*** Opening Dataset ***

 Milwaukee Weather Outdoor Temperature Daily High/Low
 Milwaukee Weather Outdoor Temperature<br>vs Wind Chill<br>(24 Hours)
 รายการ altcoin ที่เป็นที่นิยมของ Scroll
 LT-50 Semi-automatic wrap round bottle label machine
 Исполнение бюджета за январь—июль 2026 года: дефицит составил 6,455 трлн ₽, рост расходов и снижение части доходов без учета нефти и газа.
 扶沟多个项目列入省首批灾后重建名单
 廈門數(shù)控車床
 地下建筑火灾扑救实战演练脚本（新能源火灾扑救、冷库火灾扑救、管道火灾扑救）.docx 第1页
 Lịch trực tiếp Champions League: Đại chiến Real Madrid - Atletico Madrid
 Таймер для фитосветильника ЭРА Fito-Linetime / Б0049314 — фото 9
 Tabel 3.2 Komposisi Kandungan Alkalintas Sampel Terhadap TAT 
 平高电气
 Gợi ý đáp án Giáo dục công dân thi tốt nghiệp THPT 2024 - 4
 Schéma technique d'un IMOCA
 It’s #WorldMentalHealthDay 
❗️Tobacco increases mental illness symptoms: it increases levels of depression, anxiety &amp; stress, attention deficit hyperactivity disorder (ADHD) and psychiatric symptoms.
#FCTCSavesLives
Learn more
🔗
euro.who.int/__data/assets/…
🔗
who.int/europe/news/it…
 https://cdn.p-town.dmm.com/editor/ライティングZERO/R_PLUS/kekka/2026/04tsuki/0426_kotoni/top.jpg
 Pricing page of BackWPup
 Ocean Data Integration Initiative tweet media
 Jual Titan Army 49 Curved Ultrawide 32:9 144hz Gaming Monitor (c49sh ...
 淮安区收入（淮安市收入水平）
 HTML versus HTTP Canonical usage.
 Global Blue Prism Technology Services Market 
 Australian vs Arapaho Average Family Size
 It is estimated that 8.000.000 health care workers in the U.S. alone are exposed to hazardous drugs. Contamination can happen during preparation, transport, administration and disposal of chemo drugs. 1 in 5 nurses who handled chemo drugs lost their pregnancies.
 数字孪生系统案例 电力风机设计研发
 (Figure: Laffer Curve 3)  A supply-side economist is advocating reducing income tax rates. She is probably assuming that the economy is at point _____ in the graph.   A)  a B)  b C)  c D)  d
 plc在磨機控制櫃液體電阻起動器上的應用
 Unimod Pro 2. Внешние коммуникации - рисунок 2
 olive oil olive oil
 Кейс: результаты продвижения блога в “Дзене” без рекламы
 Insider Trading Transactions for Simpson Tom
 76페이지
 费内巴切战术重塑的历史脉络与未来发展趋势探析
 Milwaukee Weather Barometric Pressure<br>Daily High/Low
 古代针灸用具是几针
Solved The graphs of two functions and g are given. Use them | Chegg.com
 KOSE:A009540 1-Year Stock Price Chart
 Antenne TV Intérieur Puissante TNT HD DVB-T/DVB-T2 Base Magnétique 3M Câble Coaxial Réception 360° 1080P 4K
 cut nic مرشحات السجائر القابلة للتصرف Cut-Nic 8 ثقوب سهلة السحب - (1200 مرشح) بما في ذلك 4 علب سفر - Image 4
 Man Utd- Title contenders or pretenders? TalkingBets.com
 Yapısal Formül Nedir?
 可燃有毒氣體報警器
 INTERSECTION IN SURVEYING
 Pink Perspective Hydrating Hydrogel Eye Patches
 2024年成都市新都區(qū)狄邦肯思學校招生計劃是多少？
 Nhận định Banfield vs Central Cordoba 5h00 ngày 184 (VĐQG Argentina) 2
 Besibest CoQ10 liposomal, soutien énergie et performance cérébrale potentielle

*** Closing Dataset ***

_About this task_:
Please print the data above exactly as it appears.

_Output_:
 Milwaukee Weather Outdoor Temperature Daily High/Low
 Milwaukee Weather Outdoor Temperature<br>vs Wind Chill<br>(24 Hours)
 รายการ altcoin ที่เป็นที่นิยมของ Scroll
 LT-50 Semi-automatic wrap round bottle label machine
 Исполнение бюджета за январь—июль 2026 года: дефицит составил 6,455 трлн ₽, рост расходов и снижение части доходов без учета нефти и газа.
 扶沟多个项目列入省首批灾后重建名单
 廈門數(shù)控車床
 地下建筑火灾扑救实战演练脚本（新能源火灾扑救、冷库火灾扑救、管道火灾扑救）.docx 第1页
 Lịch trực tiếp Champions League: Đại chiến Real Madrid - Atletico Madrid
 Таймер для фитосветильника ЭРА Fito-Linetime / Б0049314 — фото 9
 Tabel 3.2 Komposisi Kandungan Alkalintas Sampel Terhadap TAT 
 平高电气
 Gợi ý đáp án Giáo dục công dân thi tốt nghiệp THPT 2024 - 4
 Schéma technique d'un IMOCA
 It’s #WorldMentalHealthDay 
❗️Tobacco increases mental illness symptoms: it increases levels of depression, anxiety &amp; stress, attention deficit hyperactivity disorder (ADHD) and psychiatric symptoms.
#FCTCSavesLives
Learn more
🔗
euro.who.int/__data/assets/…
🔗
who.int/europe/news/it…
 https://cdn.p-town.dmm.com/editor/ライティングZERO/R_PLUS/kekka/2026/04tsuki/0426_kotoni/top.jpg
 Pricing page of BackWPup
 Ocean Data Integration Initiative tweet media
 Jual Titan Army 49 Curved Ultrawide 32:9 144hz Gaming Monitor (c49sh ...
 淮安区收入（淮安市收入水平）
 HTML versus HTTP Canonical usage.
 Global Blue Prism Technology Services Market 
 Australian vs Arapaho Average Family Size
 It is estimated that 8.000.000 health care workers in the U.S. alone are exposed to hazardous drugs. Contamination can happen during preparation, transport, administration and disposal of chemo drugs. 1 in 5 nurses who handled chemo drugs lost their pregnancies.
 数字孪生系统案例 电力风机设计研发
 (Figure: Laffer Curve 3)  A supply-side economist is advocating reducing income tax rates. She is probably assuming that the economy is at point _____ in the graph.   A)  a B)  b C)  c D)  d
 plc在磨機控制櫃液體電阻起動器上的應用
 Unimod Pro 2. Внешние коммуникации - рисунок 2
 olive oil olive oil
 Кейс: результаты продвижения блога в “Дзене” без рекламы
 Insider Trading Transactions for Simpson Tom
 76페이지
 费内巴切战术重塑的历史脉络与未来发展趋势探析
 Milwaukee Weather Barometric Pressure<br>Daily High/Low
 古代针灸用具是几针
Solved The graphs of two functions and g are given. Use them | Chegg.com
 KOSE:A009540 1-Year Stock Price Chart
 Antenne TV Intérieur Puissante TNT HD DVB-T/DVB-T2 Base Magnétique 3M Câble Coaxial Réception 360° 1080P 4K
 cut nic مرشحات السجائر القابلة للتصرف Cut-Nic 8 ثقوب سهلة السحب - (1200 مرشح) بما في ذلك 4 علب سفر - Image 4
 Man Utd- Title contenders or pretenders? TalkingBets.com
 Yapısal Formül Nedir?
 可燃有毒氣體報警器
 INTERSECTION IN SURVEYING
 Pink Perspective Hydrating Hydrogel Eye Patches
 2024年成都市新都區(qū)狄邦肯思學校招生計劃是多少？
 Nhận định Banfield vs Central Cordoba 5h00 ngày 184 (VĐQG Argentina) 2
 Besibest CoQ10 liposomal, soutien énergie et performance cérébrale potentielle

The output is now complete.